The Sport of Kings: Horse Racing at Saratoga Race Course--July 26-27, 2017

We had been to Saratoga Springs for the Hemmings Concours d'Elegance (an event subsequently moved to Lake George) and had enjoyed the ambiance and decided to return for the horse racing.

Standardbred horse racing took place in Saratoga as early as 1847 but the current track for thoroughbreds started operations in 1863, making it among the oldest sporting venues in the United States.  The racing season is 40 days long, ending on Labour Day, and the most noteworthy event is the Travers Stakes, the oldest major thoroughbred horse race in the USA, inaugurated in 1864.  In 2015 the presence of Triple Crown winner American Pharoah saw the purse increased to $1.6 million but the Saratoga track once again earned its nicknames of "The House of Upsets" and "The Graveyard of Champions" as the heavily favoured Pharoah came second.  In the 1919 Sanford Stakes, the legendary Man o' War lost his only race in 21 contests.
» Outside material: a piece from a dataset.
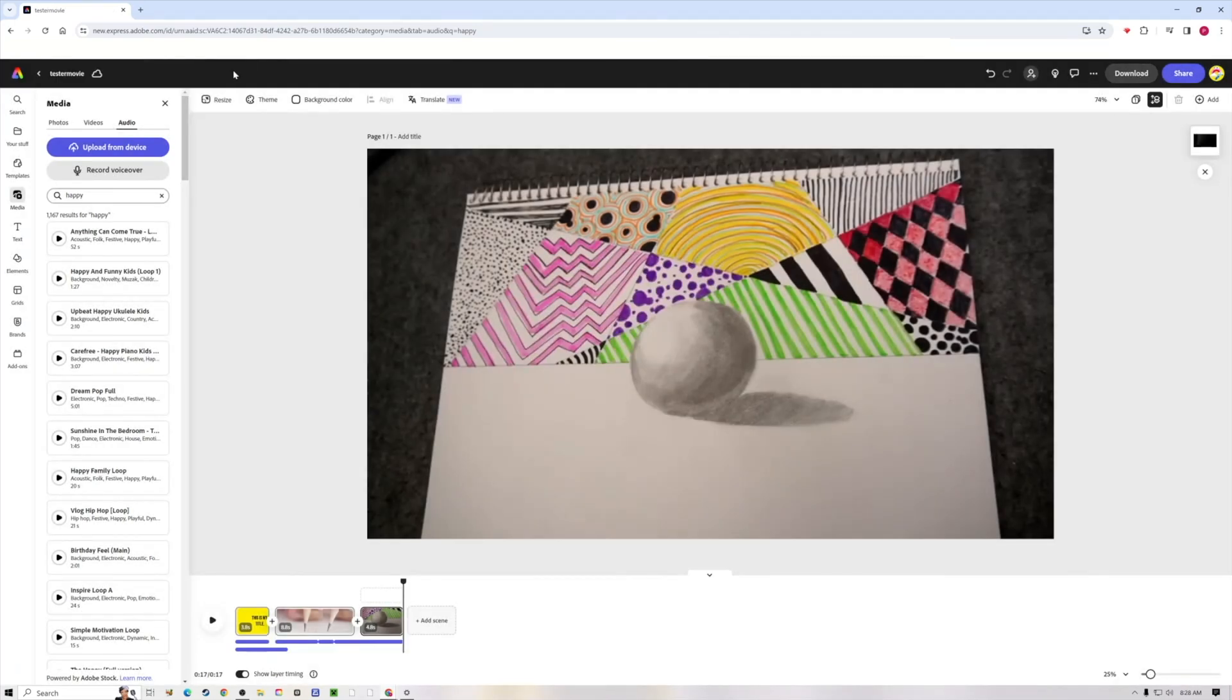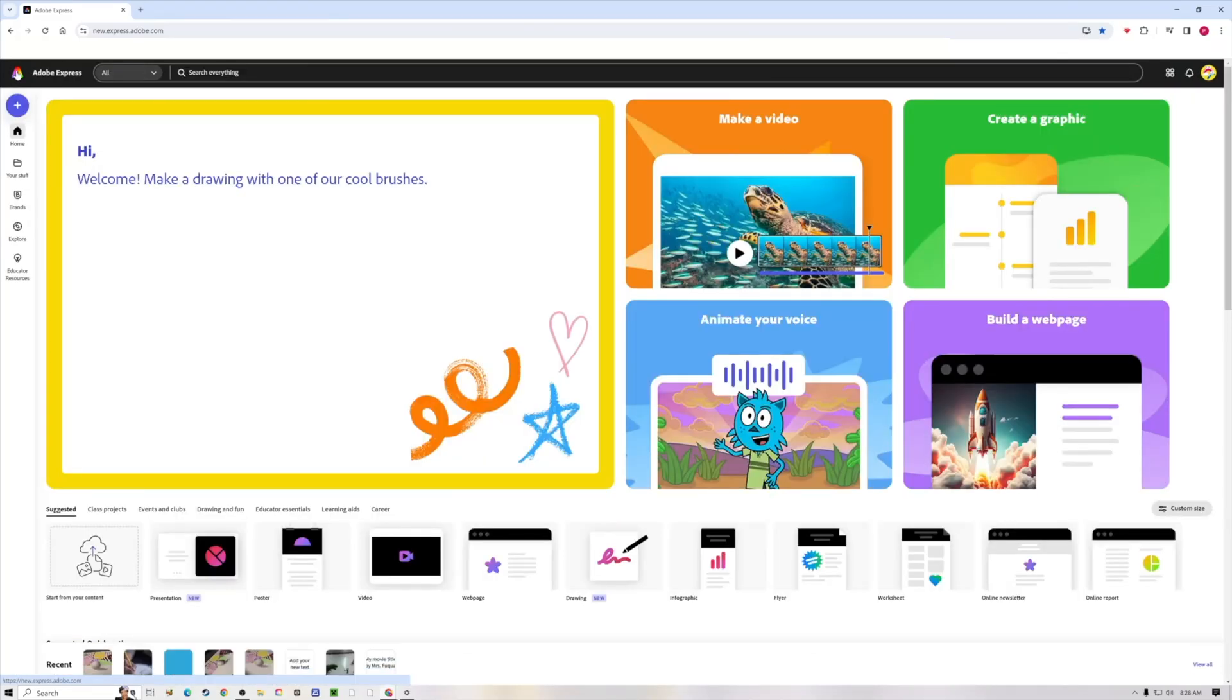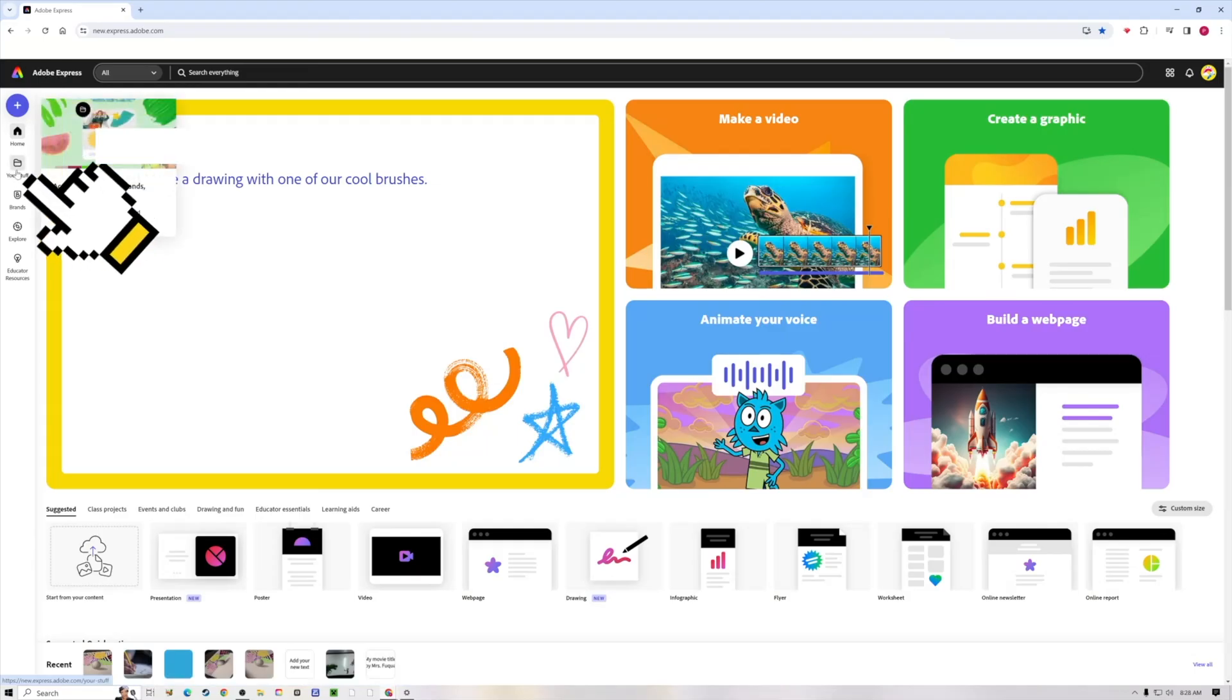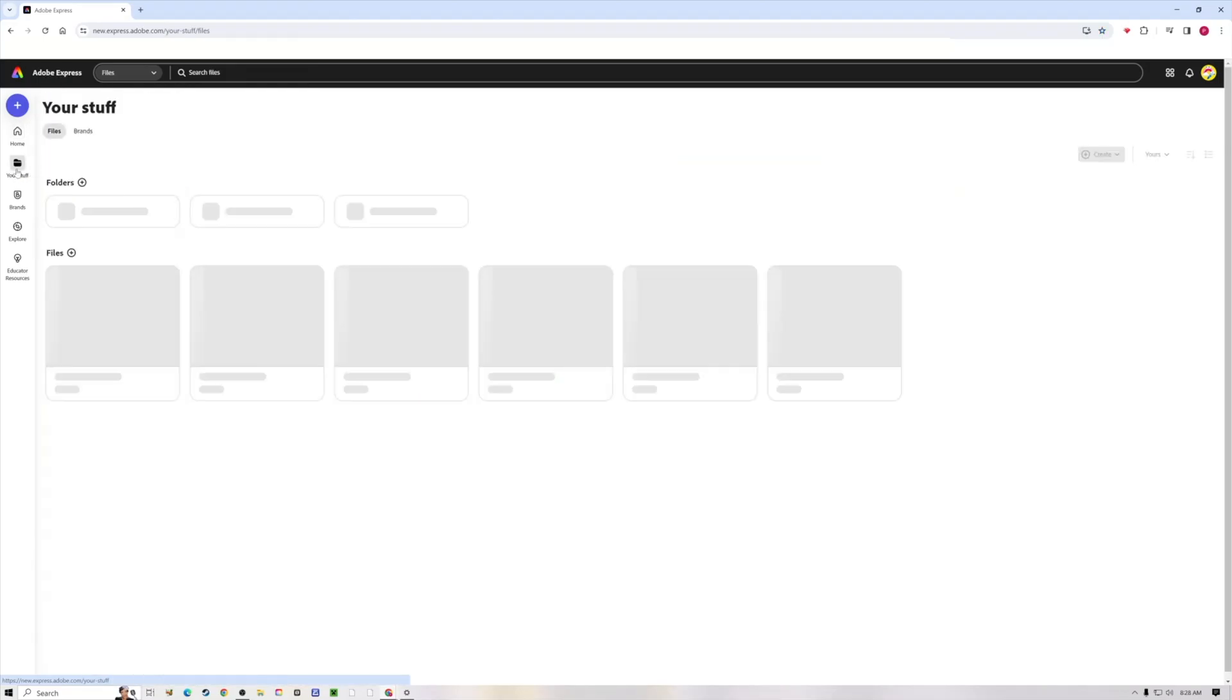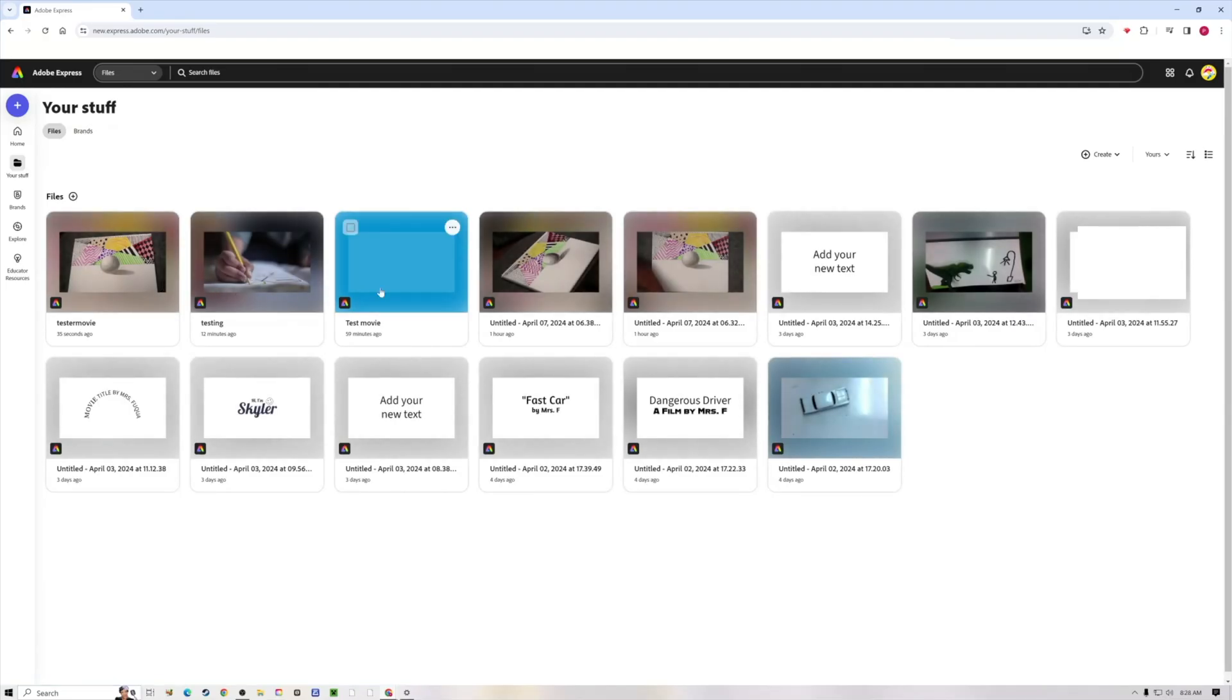Now if you want to get back to this, let's say you worked on it a little bit today and you want to come back to it later, just go to the Adobe Express home page and you go to your stuff. When you go to your stuff, you will see all of the videos that you have made. They're all here.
The track has had its ups and downs and was deteriorating by the end of the 1800s.  In 1896 there was no season due to increased competition from other tracks and it was only in 1901, when a group headed by William C. Whitney bought the track that improvements were made and its reputation restored.  Anti-gambling laws meant closure for two years in 1911 and 1912, but the track has operated continually since.

There are three separate tracks at Saratoga: an outer, dirt track of 1 1/8 miles in circumference; a 1 mile inner turf track, and a shorter inner track used for steeplechase racing.  Races in the season are held six days a week.

We spent two days at the track, watching the races and took a walking tour of the facilities.  It was a very pleasant experience but we felt no particular compulsion to make any bets.  It was clear that there is no way to systematically play a horse race, unlike a casino game.  For example, at one point the main track was too wet so the horses were switched to the inner turf track, which would mean that the odds for the horses, which had been calculated based on their running on a dirt track, were now pretty meaningless.  Given Saratoga's traditional cruelty to race favourites, it seems like throwing money away.

On the other hand, there was a lot to look at, from some entertainers singing some 1940s big band songs, to watching the horses being exercised, to enjoying a wood-fired pizza.  There are some displays related to racing history, and you can get a look at the area where all the racing silks are stored.  It is a good place for women to buy fancy hats too.

A short walk away from the Race Course is the National Museum of Racing and the Racing Hall of Fame.  Established in Saratoga Springs in 1951, it moved to its current location in 1955.  The Hall of Fame is the main emphasis, highlighting horses, jockeys, trainers, and owners, but there are fine exhibits about the history of horse racing in America.  When we were there a special exhibit on the life and times of Man o' War was on display.

Walking up the museum, you will see a long line of jockey figures.  Each is dressed in the colours of a particular stable that has horses racing at the track.